# Yakking Navarre beach 8/18



## FishJunky (Apr 20, 2012)

What a crazy day for fishing!!!!! Steve and I left the beach at about 6am. Catching loads of bait for our trip out in the Gulf . We both caught Kings on our way out and I missed a few huge bites not knowing what they were.
So, we get to our honey hole and BAM got something BIG on my line!!!! Damn its a shark!!!! We continue to fish and BAM Steve gets a shark and another and I got another. So we look around us and Holy Sheep Shit Batman !!!!! There are sharks all around us , circling us . What a freaky feeling!!!!! So we stopped fishing for a bit and they left.
So, we head to another honey hole . First drop Bam huge bite felt like a huge Grouper but I will never know cause I missed his ass, and missed another and another ,oh well it happens. Then we ran out of live bait cause JAWS took most of our live cigs. Dead bait wasn't doing nothing for us but get us frustrated .
We left the hole and on the way back I caught 2 more kings.
Now here is the messed up part of my trip!!!!!!! I'm paddling and paddling getting tired so I lay back on the yak to stretch my back out and I doze off. And all of a sudden splash I'm in the water WTF!!!!!!! I'm freaking out!!!! My yak is upside down . I'm yelling for Steve HELP!!!! All my crap that's not tied down is floating away, including my paddle my phone pouch. I lost all my fishing tackle , worth over $300. Luckily I have all my rods except my bait rod which was about to break anyways. I'm glad that didn't happen when all those sharks were around us.
Lesson learned Tie everything down~!!!!!!!!! And don't fall asleep on the YAK.... 
Anyways here's a couple Pics.


----------



## Kayak Rookie (Mar 15, 2011)

What made you go in the water. Sounds like a bad day all around.


----------



## chasintail2010 (Feb 28, 2011)

I saw you out there I was in the yellow ocean kayak trident 13 we had a pretty rough day, very few fish


----------



## punkfishking (May 11, 2010)

Dang man, I know I have leaned back a couple times and really relaxed but I never dosed off. That is a bit freaking scary, where was your buddy, did he not notice you were about to tip? At least you only lost tackle, I would be pissed if I lost my rods. Good story though, thanks for sharing.


----------



## yakntat (May 12, 2011)

Man, what a story. We had a 6ft Tiger Shark following us around yesterday. He jumped on Ginzu's cigar king rig and then broke 65lb braid with a tail whip like nothing.


----------



## FishJunky (Apr 20, 2012)

I've never seen so many sharks in all my life! there must have been 30 or 40 sharks and a couple of huge ones! Its shark week on Discovery channel lol .


----------



## DustinE (Oct 27, 2010)

There seems to be more sharks this year than any other I have fished in the last 8 years. Every where I go I get bit off, hooked up or see them. Apparently they are doing well. I know that you couldnt pay me to swim in the the dark water.


----------



## FishJunky (Apr 20, 2012)

Kayak Rookie said:


> What made you go in the water. Sounds like a bad day all around.

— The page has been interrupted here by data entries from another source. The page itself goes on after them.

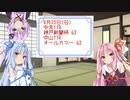 【ボイロ競馬部】神戸新聞杯・オールカマー_2022【琴葉姉妹の競馬予想！】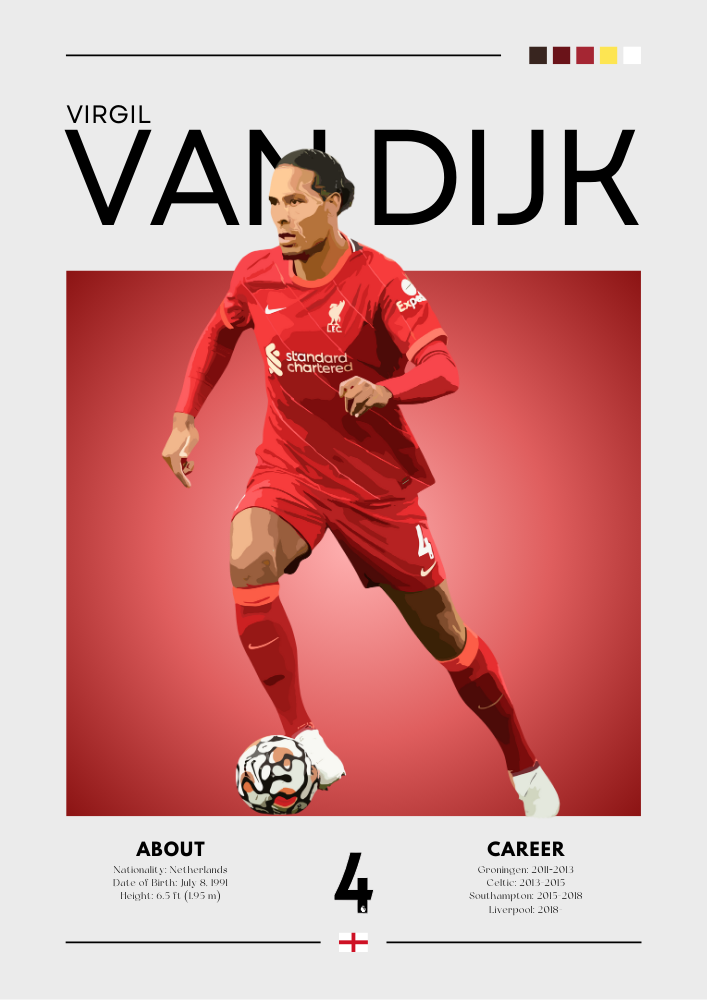Virgil van Dijk Poster - Liverpool Defensive Wall Print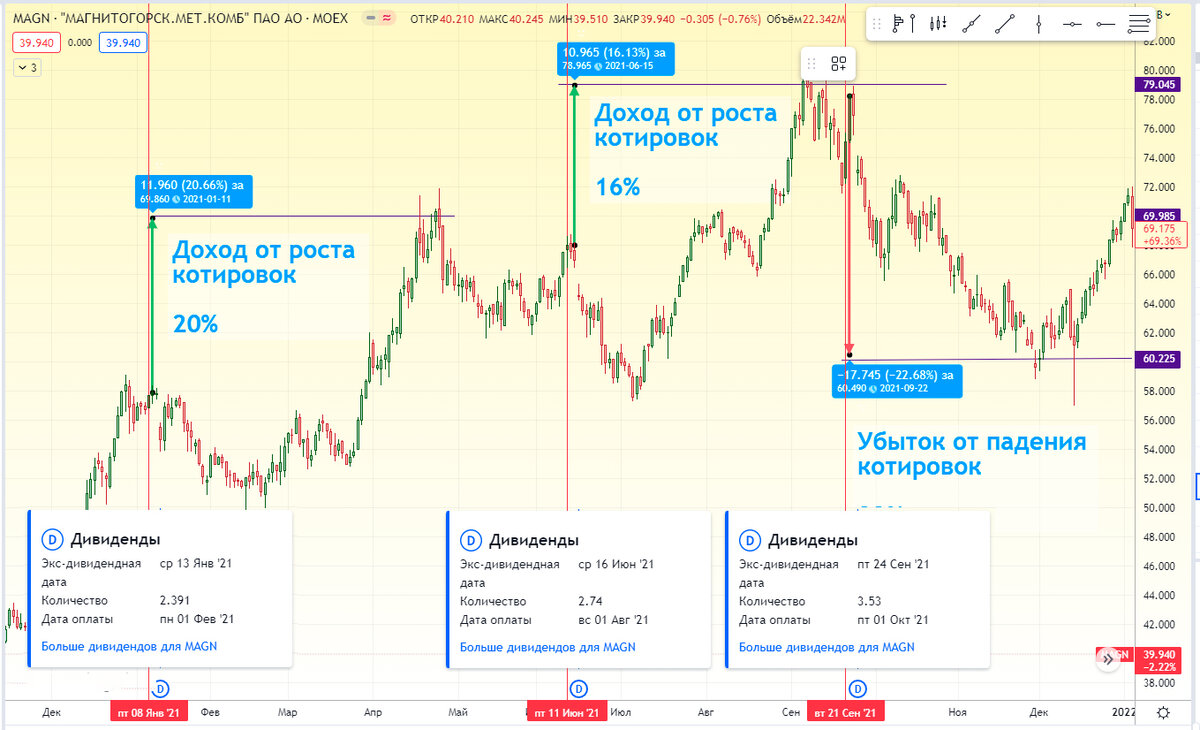 История дивидендных выплат и котировки акций компании ММК за 2021 год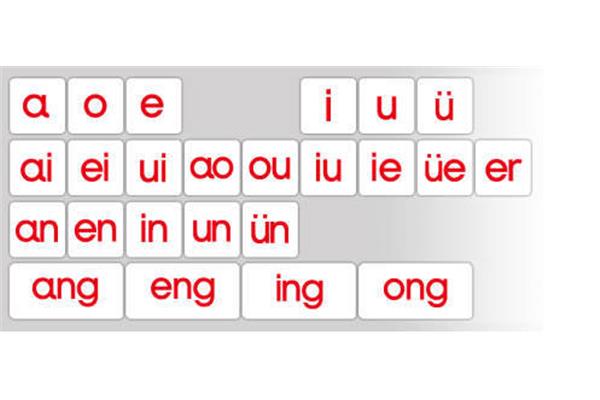 语文字母表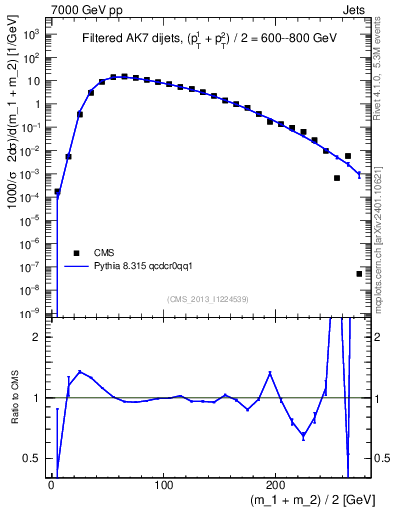 Plot of jj.m.filt in 7000 GeV pp collisions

I was laying down and dozed off and I woke up in the water. lol


----------



## JD7.62 (Feb 13, 2008)

DustinE said:


> There seems to be more sharks this year than any other I have fished in the last 8 years. Every where I go I get bit off, hooked up or see them. Apparently they are doing well. I know that you couldnt pay me to swim in the the dark water.


Yesterday I jumped in sixty feet of water to swim with a really big shark. :yes:


----------



## FishJunky (Apr 20, 2012)

punkfishking said:


> Dang man, I know I have leaned back a couple times and really relaxed but I never dosed off. That is a bit freaking scary, where was your buddy, did he not notice you were about to tip? At least you only lost tackle, I would be pissed if I lost my rods. Good story though, thanks for sharing.


My buddy Steve was 200 yards from me . He came and gave me a hand getting some of my stuff floating in the Gulf.


----------



## FishJunky (Apr 20, 2012)

JD7.62 said:


> Yesterday I jumped in sixty feet of water to swim with a really big shark. :yes:


Yeah but that whale shark is harmless! I had a bunch hungry ass sharks around us! Wasn't even thinking about jumping in and swimming with them! They was in a feeding frenzy!


----------



## scaly neck (Jul 19, 2009)

Nice report....glad ya'll are OK....live to fish another day


----------